They are goods that are purchased for resale or further processing or manufacturing.
They are used as input to produce other goods and services
 Final goods and services are goods and services acquired for final consumption and
not for future consumption. The goods purchased by the ultimate consumer.
(2) Non- production transactions;
Second hand sales should not be included in the calculation of GDP because the sale of the
second hand goods and services do not add to current production. In addition, their value
when first purchased was already included in the value of GDP. Therefore, including the
value of the second hand sales would lead to multiple counting. Furthermore, the sale of the
second hand sales reflects transfer of assets.
Transfer payments; these are payments of money by the government (it could also be a
house hold making the payment) to the households or firms for which the payer receives no
goods or services directly in return
Public transfer payments; these are social insurance payments government makes to the
people e.g. welfare insurance, employment insurance payments. Public transfers should not be
included in the calculation of GDP because they do not add to the current production of final
goods and services.
Private transfer payments; these are transfers made by individuals or a household. For
instance money parents give to their children, birthday gifts, charismas gifts. Private transfers
should not be included when calculating GDP because they do not add to current production.

APPROACHES TO CALCULATING GDP

(1)EXPENDITURE APPROACH; under the expenditure approach, the money spent on buying final
goods and services is summed up. The expenditure side has four components namely, consumption,
investment, government expenditure and net exports.

PERSONAL CONSUMPTION (C); This is involves spending by the households. It has there sub
categories namely, durable goods, non- durables and services

GROSS INVESTMENT OR GROSS CAPITAL FORMATION (I); Investment has to do with the
creation of new physical capital assets- assets that creates jobs and income. Investment can be sub
divided into three subcategories

 Business fixed investment; it involves the purchase of new machinery, equipment by the
firms, new factory or construction of the factory, warehouse, storehouse
 Residential fixed investment; construction of a house or the purchase of the house are
considered as investment because a house could be rented out to earn income. A house could
also earn the owner of the house what is called the imputed rents because if the house had
been rented out it could have earned income to the owner.
 Inventories (unsold stock); the increase in unsold stock is considered as investment because
they represent unconsumed stock. Note also that inventories could increase (+) or decrease (-)

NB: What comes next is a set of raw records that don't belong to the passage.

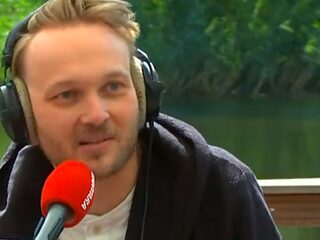 Arjen Lubach rapt mee met 'La Tribu De Dana'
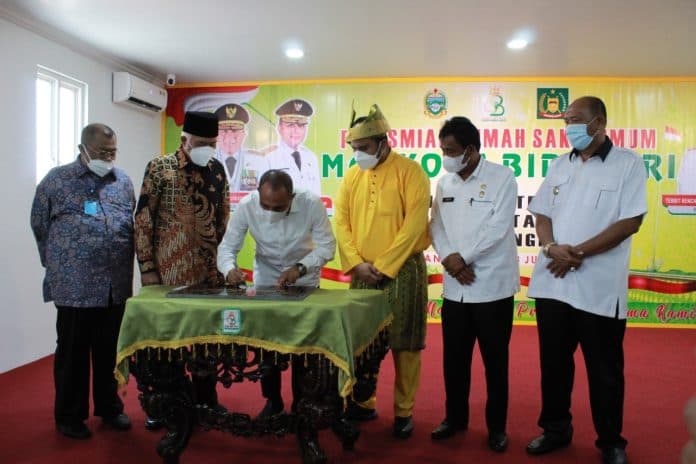 gubsu_resmikan_rsu_mahkota_bidadari_di_langkat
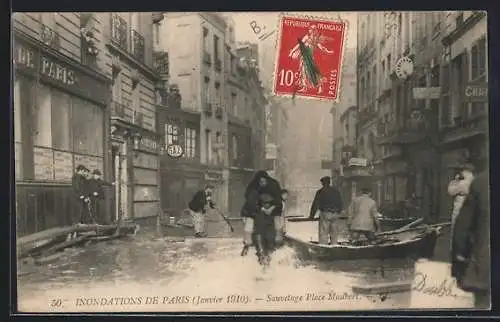 AK Paris, Inondations de 1910, Sauvetage Place Maubert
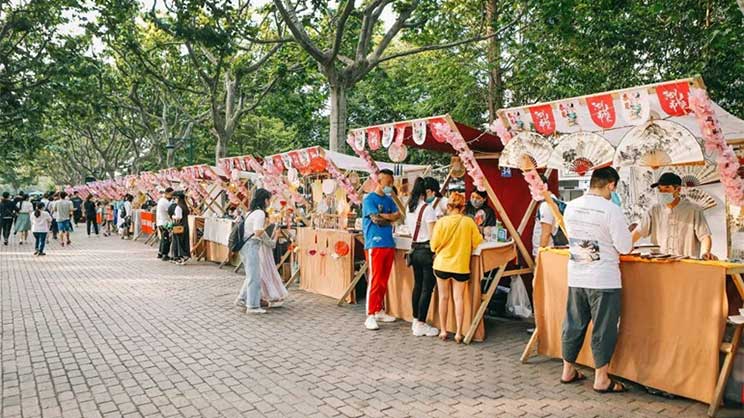 杭州湖滨步行街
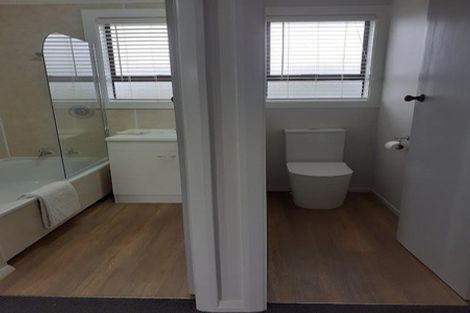 Photo of property in 19 Avro Crescent, Hornby, Christchurch, 8042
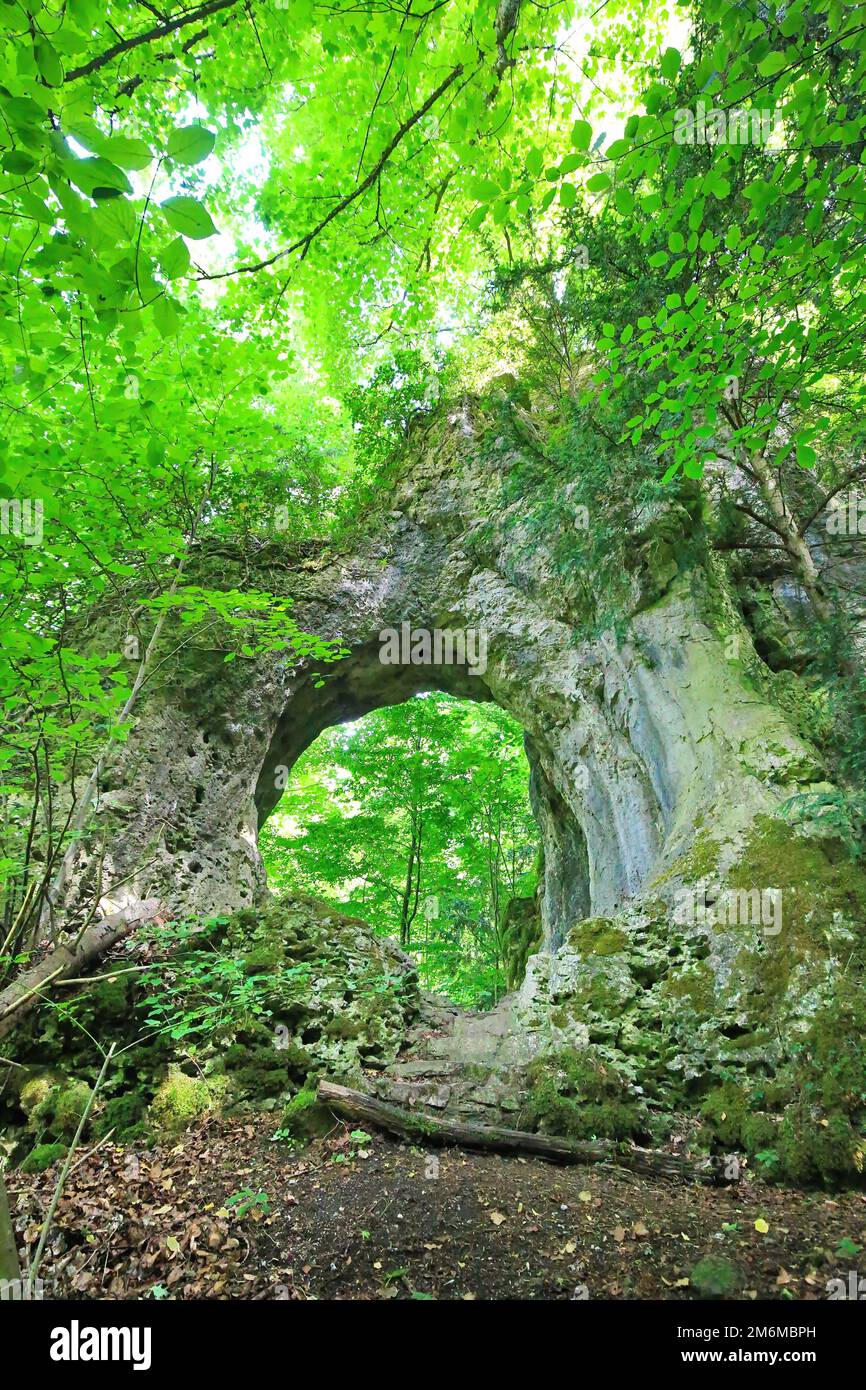 Der Felsentor in der Nähe von GÃ¶ÃŸweinstein ist ein Naturwunder und wurde durch Erosion geschaffen. Stockfoto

Non-investment transactions; investment does not include transfer of papers such as stock, bonds or
resale of tangible assets, investment has to do with creation f new physical capital that is capital assets
that create jobs and income.

Note also that there is a difference between gross investment and net investments. Net investment is
gross investment less depreciation.

Depreciation, also called capital consumption is defined as the rate at which the value of the existing
capital stock declines per period as a result of usage. Part of equipment or machinery used up in the
process of production. Thus depreciation is part of the production cost

GOVERNMENT EXPENDITURE; reflect what the government consumes in order to provide


public services
Net export is the final component of the expenditure approach to calculating GDP.

NE= Exports-Imports= X-M

Therefore GDP= C+I+G+X-M

INCOME APPROACH

(1) Income approach; the income approach has two sides namely the product approach and the
valued added approach. When goods and services have been produced they are sold, the
owners of the firms earn income and this income earned by the firms could be distributed as
follows; wages, interest, profits and rents.
 Interest include income paid by business to owners of capital e.g. debt capital. Interest
payment may include interest on bonds, stock, treasury bills, interest on capital e.g.
interest on loans obtained from bank
 Rent may include rent income on property e.g. house, warehouse and imputed rents
 Profits. This includes profits made by the corporate private and government firms.
note that profits made by the firms could be distributed as follows; corporate tax,
dividends and as retained profits
 Wages this include salaries and other forms of wages

When all these components are added up, we come up what is called net domestic income

NDI= wages+ interest + rent + profits

To get GDP we make adjustments to NDI by adding indirect taxes and depreciation (DEP). Examples
of indirect taxes are business property tax, customs duty, sales tax, petrol levy. Note that indirect taxes
are added to balance up the income side and the expenditure side. In calculating GDP from the
expenditure approach, indirect taxes are already included. For instance when you buy goods there is
sales tax imbedded in the price of those goods implying that in consumption there is sales tax.
However, income derived from the income does not contain indirect tax. Therefore we have to add the
indirect taxes to NDI derived from the income approach. In like manner depreciation must be added to
NDI to arrive at GDP.

Therefore GDP= NDI+DEP+INDIRECT TAX

OTHER MEASURES OF INCOME

(1) GROSS NATIOANAL PRODUCT (GNP) = GDP+ factor payments from abroad-
factor payments to abroad
Note; GNP is same as gross national income (GNI)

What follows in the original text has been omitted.